Five teachers net over €150k each in pension payouts

Five secondary school teachers last year received lump sums of between €150,000 and €200,000 in a pensions bonanza.

Five teachers net over   €150k  each in pension  payouts

Figures provided by the Department of Education in response to a Freedom of Information request show one retired teacher received a lump sum of €165,974.

The tax-free sum was the top amount paid out to a retiring teacher in the primary and post-primary sector last year — the highest amount received by a primary school teacher was €143,672.

The exodus of primary and secondary school teachers from the public service in 2012, when total lump sums came to €172.36m, slowed last year to €79.3m — a drop of 54%.

Primary teachers got payments totalling €43.97m compared to €97.6m in 2012, with their secondary school counterparts receiving €35.33m compared to €74.73m the previous year.

Retiring teachers and principals are entitled to 1.5 times their salary in a tax-free lump sum: 121 retiring secondary teachers got between €100,000 and €150,000 last year, with 216 receiving between €50,000 and €100,000.

In the primary sector, 175 teachers got between €100,000 and €150,000, with 250 receiving €50,000-€100,000.

The top 20 in the secondary sector shared €2.923m, with the top 20 primary teachers receiving an aggregate €2.66m.

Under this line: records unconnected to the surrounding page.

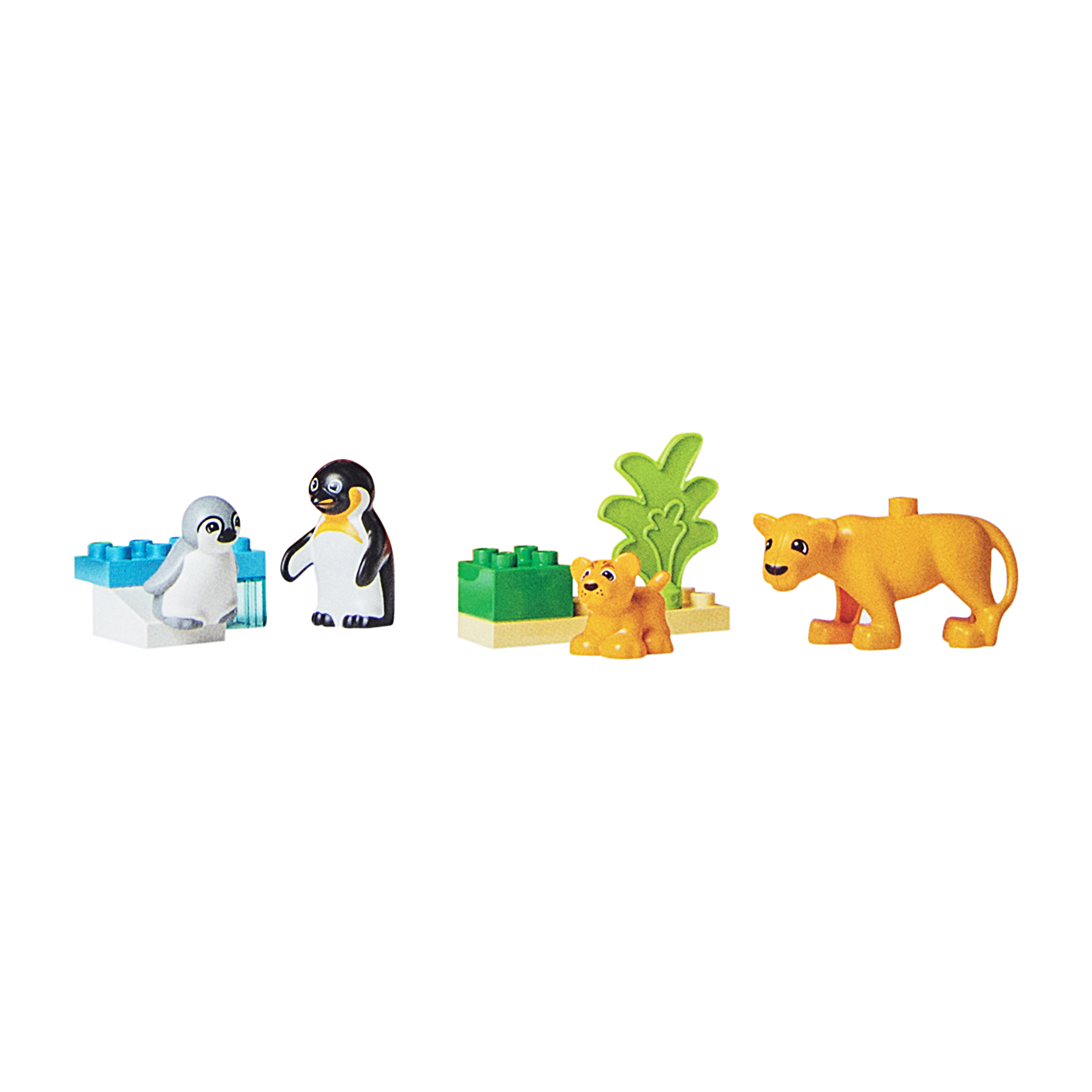 LEGO® Duplo™ Wild Animal Families: Penguins & Lions Set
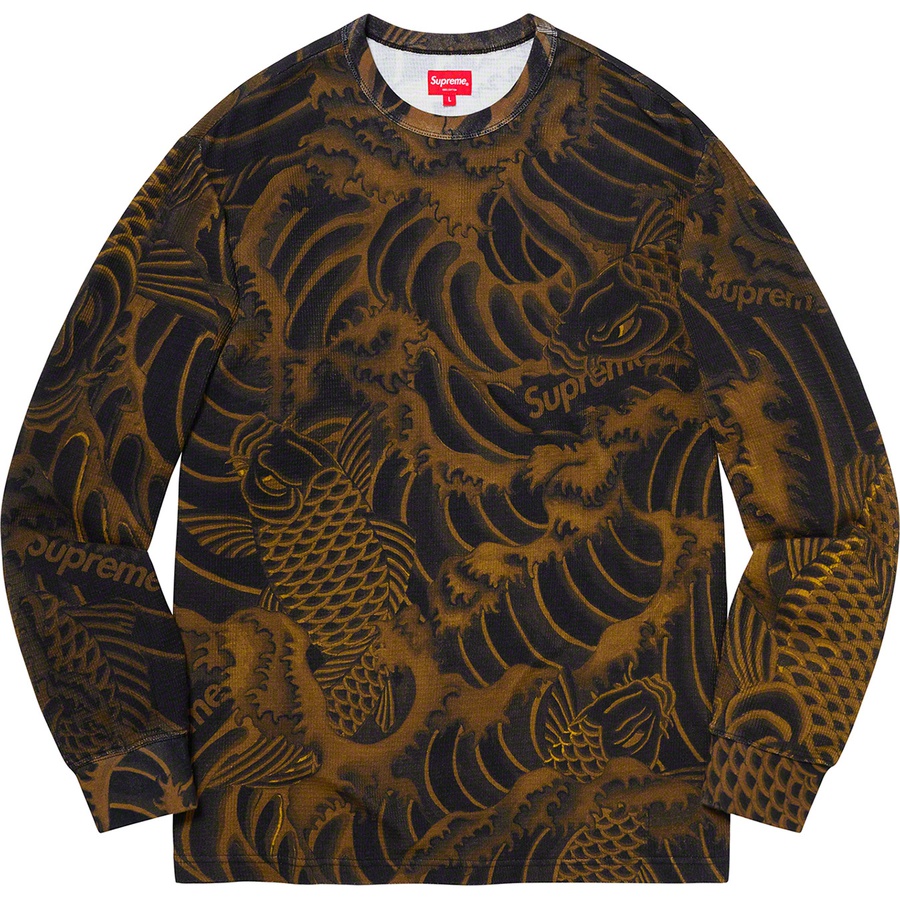 Supreme Waves L S Top (SS20) - Black - $98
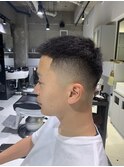 メンズビジネスベリーショートバーバースタイルF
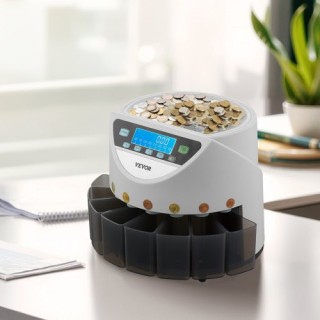 VEVOR Μετρητής Κερμάτων EURO με Μεγάλη Οθόνη LCD και 5 Σωλήνες Κερμ... VEVOR Μετρητής Κερμάτων EURO με Μεγάλη Οθόνη LCD και 5 Σωλήνες Κερμ...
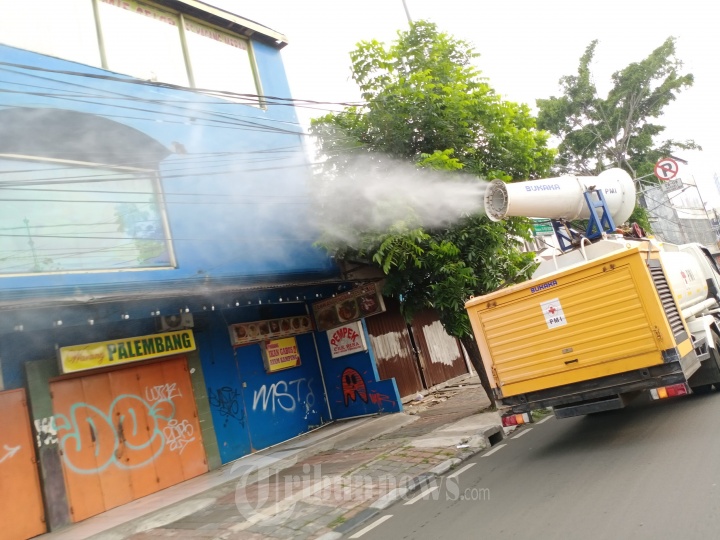 Memasuki New Normal Mobil Gunner Lakukan Penyemprotan Disinfekta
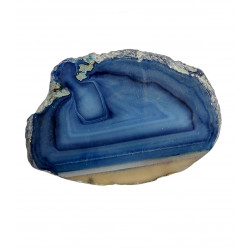 blue agate slice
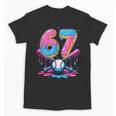 Baseball Drip Number 67 Player 67Th Birthday Baseball Meme Unisex T-Shirt Baseball Drip Number 67 Player 67Th Birthday Baseball Meme Unisex T-Shirt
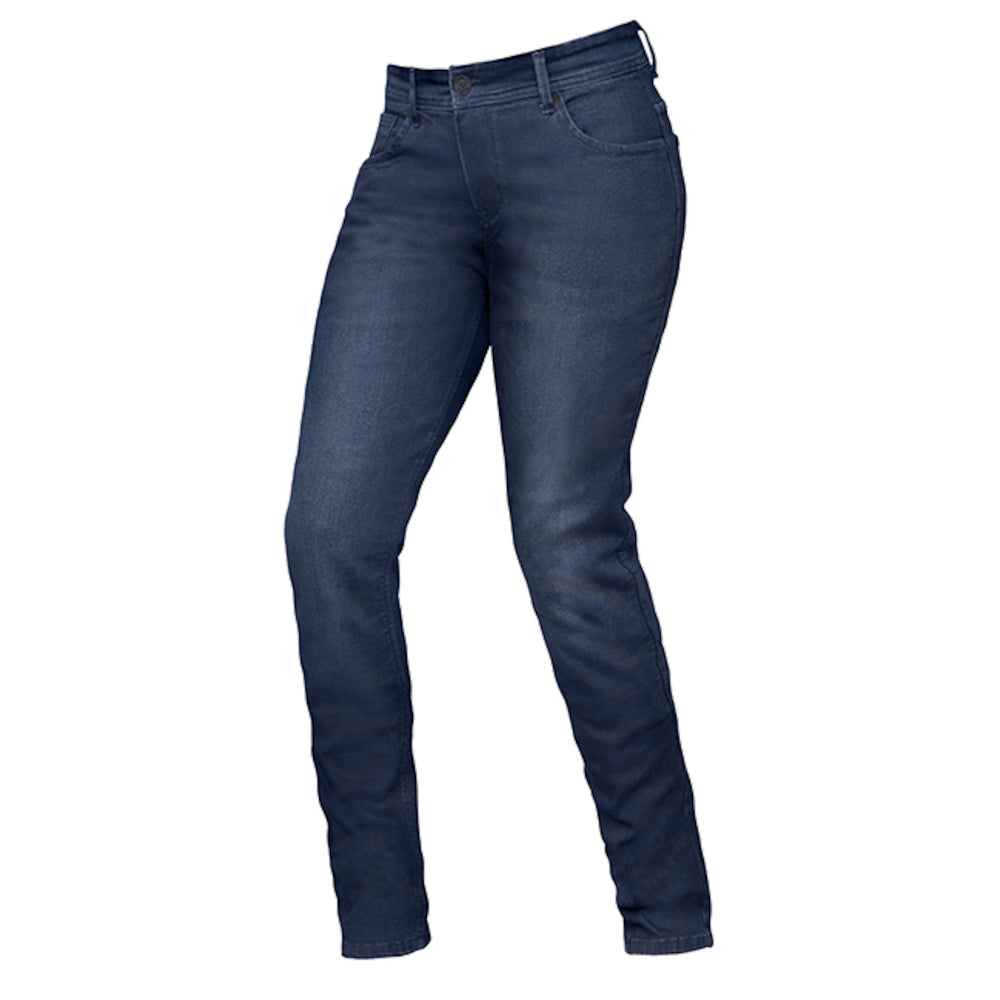 Dririder Xena OTB Ladies' Kevlar Riding Jeans-Indigo-10S #2120932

The lump sum payments are dwarfed by pension payments to retired teachers that keep on mounting.

In 2012, pension payments — excluding lump sum payments — totalling €398.8m were made to 13,400 retired primary school teachers. This rose to €414.9m for 13,710 retired teachers last year.

In the post-primary sector, pension payments — excluding lump sums — of €285.86m were made to 9,719 teachers in 2012, increasing to €298.8m for 10,005 retired teachers last year.

Isme chief executive Mark Fielding, said the lump sum payments “are another example of Ireland’s real golden circle”.

He said: “Private sector employees can only stand and wonder at the riches in the parallel universe that is the public sector.

“Owners of SMEs, struggling to cut costs and create jobs, are horrified by the comparisons being cited on wages, perks, and entitlements of public servants. At the starting scales we compete with an over-generous welfare system and at middle and top end we compete with public sector affluence.

“No wonder ordinary people talk about a time when public servants served the public and the government, rather than the government allowing them to become self-serving.

Irish National Teachers Organisation president Sean McMahon dismissed the claim that teachers are part of a public sector golden circle.

“Teachers are ordinary members of society who have suffered quite a lot with the demise of the Celtic Tiger,” he said.

The group’s national executive member, Pat Crowe, said the terms of public pensions have gradually got worse over the last number of years, “while private sector pensions have been absolutely gutted”.